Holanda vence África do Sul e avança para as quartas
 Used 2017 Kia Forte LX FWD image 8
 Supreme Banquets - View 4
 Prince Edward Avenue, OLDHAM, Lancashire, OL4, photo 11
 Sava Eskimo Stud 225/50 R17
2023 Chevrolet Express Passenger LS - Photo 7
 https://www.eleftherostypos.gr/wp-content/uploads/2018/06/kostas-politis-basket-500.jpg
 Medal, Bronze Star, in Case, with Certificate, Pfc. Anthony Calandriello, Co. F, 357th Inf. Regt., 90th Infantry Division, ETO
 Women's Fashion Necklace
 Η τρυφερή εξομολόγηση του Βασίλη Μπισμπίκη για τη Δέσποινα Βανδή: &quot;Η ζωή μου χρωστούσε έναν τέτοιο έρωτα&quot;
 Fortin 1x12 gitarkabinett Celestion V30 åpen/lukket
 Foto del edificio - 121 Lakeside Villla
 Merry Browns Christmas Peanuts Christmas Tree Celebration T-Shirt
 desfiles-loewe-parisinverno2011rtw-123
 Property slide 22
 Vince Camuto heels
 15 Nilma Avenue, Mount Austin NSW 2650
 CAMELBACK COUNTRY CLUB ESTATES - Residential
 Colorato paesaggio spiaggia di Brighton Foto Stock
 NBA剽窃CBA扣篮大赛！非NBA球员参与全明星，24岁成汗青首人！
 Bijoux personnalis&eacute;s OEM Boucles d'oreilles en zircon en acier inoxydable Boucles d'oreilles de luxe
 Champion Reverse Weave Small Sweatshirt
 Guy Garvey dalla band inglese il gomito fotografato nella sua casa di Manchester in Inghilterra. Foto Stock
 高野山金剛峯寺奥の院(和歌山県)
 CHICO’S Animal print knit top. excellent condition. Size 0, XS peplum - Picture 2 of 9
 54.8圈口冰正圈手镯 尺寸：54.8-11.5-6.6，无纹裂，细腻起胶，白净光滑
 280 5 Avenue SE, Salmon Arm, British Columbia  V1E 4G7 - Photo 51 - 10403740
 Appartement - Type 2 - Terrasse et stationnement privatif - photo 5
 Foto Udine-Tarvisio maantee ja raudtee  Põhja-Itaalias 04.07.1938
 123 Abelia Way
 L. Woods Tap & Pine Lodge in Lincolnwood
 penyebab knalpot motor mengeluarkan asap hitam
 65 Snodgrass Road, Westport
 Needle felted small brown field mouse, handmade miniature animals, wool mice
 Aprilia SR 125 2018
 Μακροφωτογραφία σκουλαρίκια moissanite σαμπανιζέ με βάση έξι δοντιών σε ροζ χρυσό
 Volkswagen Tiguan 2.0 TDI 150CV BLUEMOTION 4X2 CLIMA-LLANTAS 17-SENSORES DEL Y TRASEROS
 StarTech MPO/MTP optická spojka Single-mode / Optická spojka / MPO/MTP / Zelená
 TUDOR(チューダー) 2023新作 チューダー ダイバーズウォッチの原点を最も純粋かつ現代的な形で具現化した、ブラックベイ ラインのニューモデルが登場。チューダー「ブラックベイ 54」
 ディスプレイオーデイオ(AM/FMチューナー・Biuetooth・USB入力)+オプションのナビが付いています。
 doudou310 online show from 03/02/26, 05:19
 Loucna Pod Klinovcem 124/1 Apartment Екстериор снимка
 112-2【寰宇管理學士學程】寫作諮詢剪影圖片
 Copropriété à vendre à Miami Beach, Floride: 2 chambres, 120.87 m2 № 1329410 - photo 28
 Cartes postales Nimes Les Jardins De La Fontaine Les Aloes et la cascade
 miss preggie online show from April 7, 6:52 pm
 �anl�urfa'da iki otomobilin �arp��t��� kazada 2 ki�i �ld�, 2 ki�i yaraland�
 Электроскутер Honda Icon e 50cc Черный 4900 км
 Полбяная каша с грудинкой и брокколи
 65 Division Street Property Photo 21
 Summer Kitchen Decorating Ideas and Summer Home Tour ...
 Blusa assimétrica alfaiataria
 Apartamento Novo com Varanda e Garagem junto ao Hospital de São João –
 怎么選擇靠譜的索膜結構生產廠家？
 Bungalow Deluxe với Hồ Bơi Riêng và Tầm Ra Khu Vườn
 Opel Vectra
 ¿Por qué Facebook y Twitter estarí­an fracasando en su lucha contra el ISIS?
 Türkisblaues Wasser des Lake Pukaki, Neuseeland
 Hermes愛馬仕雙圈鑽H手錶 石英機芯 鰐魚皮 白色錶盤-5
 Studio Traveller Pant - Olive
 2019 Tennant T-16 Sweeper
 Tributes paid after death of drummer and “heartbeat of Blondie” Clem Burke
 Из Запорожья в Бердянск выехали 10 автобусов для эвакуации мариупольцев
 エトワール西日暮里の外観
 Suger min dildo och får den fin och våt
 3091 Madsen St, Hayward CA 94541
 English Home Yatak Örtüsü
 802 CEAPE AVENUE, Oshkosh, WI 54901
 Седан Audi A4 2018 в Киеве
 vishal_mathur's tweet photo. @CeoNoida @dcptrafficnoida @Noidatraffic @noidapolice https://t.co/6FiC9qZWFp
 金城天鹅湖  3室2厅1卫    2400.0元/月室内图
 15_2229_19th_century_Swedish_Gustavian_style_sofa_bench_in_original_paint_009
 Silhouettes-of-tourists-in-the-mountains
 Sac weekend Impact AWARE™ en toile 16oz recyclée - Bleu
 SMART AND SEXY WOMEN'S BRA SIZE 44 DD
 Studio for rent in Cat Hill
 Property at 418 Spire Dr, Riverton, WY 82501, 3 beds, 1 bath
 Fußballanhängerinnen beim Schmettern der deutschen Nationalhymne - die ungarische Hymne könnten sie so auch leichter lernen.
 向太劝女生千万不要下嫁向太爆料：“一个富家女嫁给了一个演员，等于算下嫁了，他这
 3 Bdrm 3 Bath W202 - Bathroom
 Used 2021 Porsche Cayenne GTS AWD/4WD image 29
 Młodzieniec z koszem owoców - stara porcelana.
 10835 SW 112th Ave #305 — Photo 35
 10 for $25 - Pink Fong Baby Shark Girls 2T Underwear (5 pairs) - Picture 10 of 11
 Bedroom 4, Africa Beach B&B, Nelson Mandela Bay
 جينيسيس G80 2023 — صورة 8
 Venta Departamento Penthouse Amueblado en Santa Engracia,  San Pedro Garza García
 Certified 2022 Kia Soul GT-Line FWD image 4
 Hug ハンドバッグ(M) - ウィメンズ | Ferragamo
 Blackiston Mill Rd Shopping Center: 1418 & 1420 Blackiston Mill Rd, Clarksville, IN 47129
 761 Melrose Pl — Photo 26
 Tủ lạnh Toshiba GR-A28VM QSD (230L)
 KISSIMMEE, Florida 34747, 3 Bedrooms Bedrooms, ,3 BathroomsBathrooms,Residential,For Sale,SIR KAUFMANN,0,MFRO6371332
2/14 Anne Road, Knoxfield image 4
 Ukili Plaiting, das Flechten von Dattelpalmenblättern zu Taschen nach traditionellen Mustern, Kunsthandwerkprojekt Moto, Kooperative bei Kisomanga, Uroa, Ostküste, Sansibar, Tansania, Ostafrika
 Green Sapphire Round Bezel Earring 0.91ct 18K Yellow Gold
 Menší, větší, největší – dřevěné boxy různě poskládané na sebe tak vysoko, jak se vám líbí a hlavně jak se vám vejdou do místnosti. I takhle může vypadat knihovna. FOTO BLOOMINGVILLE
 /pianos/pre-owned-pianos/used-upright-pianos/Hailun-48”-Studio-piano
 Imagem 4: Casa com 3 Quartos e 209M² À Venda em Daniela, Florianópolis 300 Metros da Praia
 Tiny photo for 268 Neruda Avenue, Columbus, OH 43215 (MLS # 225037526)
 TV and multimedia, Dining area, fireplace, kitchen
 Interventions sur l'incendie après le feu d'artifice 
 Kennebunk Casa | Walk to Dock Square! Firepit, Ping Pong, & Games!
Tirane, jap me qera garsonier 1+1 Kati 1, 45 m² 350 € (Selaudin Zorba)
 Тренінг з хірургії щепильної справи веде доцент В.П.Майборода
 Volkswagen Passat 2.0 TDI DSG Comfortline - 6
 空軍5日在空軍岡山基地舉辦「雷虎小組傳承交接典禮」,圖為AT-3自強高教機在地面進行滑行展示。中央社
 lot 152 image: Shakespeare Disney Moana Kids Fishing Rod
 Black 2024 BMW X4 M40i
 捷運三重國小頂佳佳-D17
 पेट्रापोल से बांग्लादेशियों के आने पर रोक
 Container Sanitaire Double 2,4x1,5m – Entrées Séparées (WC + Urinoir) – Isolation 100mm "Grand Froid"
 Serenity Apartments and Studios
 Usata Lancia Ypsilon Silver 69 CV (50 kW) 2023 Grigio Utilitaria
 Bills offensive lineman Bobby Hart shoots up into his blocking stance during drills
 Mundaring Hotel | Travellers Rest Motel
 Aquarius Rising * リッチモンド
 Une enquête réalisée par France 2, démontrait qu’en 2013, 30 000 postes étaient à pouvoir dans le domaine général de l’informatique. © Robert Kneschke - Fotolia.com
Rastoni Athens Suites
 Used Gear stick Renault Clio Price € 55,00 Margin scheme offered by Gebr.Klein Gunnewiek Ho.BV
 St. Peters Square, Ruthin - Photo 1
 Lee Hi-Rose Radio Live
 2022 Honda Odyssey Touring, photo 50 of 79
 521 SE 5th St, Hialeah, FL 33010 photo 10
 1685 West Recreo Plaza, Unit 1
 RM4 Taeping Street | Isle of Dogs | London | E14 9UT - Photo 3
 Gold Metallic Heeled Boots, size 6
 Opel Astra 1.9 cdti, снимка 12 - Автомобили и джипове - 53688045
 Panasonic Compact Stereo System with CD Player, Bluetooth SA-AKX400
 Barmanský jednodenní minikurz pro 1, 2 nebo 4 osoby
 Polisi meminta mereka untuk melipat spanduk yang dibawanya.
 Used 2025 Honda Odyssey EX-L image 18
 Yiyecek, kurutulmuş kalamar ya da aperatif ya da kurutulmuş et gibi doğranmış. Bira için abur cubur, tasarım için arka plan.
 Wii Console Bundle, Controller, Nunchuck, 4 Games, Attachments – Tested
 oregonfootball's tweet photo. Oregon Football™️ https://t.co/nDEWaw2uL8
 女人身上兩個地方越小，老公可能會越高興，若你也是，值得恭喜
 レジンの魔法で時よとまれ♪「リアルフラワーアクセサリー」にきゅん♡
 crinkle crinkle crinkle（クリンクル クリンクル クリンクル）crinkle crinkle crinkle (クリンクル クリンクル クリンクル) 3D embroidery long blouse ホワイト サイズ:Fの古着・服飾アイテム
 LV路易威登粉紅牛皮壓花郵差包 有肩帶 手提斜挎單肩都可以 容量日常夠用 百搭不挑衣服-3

※

**Task description**
What are the lines above, starting at the one with "Used Gear stick" and ending at the one with "Polisi meminta mereka"? Give them again exactly, and only them.

**Output of the exercise**
 Used Gear stick Renault Clio Price € 55,00 Margin scheme offered by Gebr.Klein Gunnewiek Ho.BV
 St. Peters Square, Ruthin - Photo 1
 Lee Hi-Rose Radio Live
 2022 Honda Odyssey Touring, photo 50 of 79
 521 SE 5th St, Hialeah, FL 33010 photo 10
 1685 West Recreo Plaza, Unit 1
 RM4 Taeping Street | Isle of Dogs | London | E14 9UT - Photo 3
 Gold Metallic Heeled Boots, size 6
 Opel Astra 1.9 cdti, снимка 12 - Автомобили и джипове - 53688045
 Panasonic Compact Stereo System with CD Player, Bluetooth SA-AKX400
 Barmanský jednodenní minikurz pro 1, 2 nebo 4 osoby
 Polisi meminta mereka untuk melipat spanduk yang dibawanya.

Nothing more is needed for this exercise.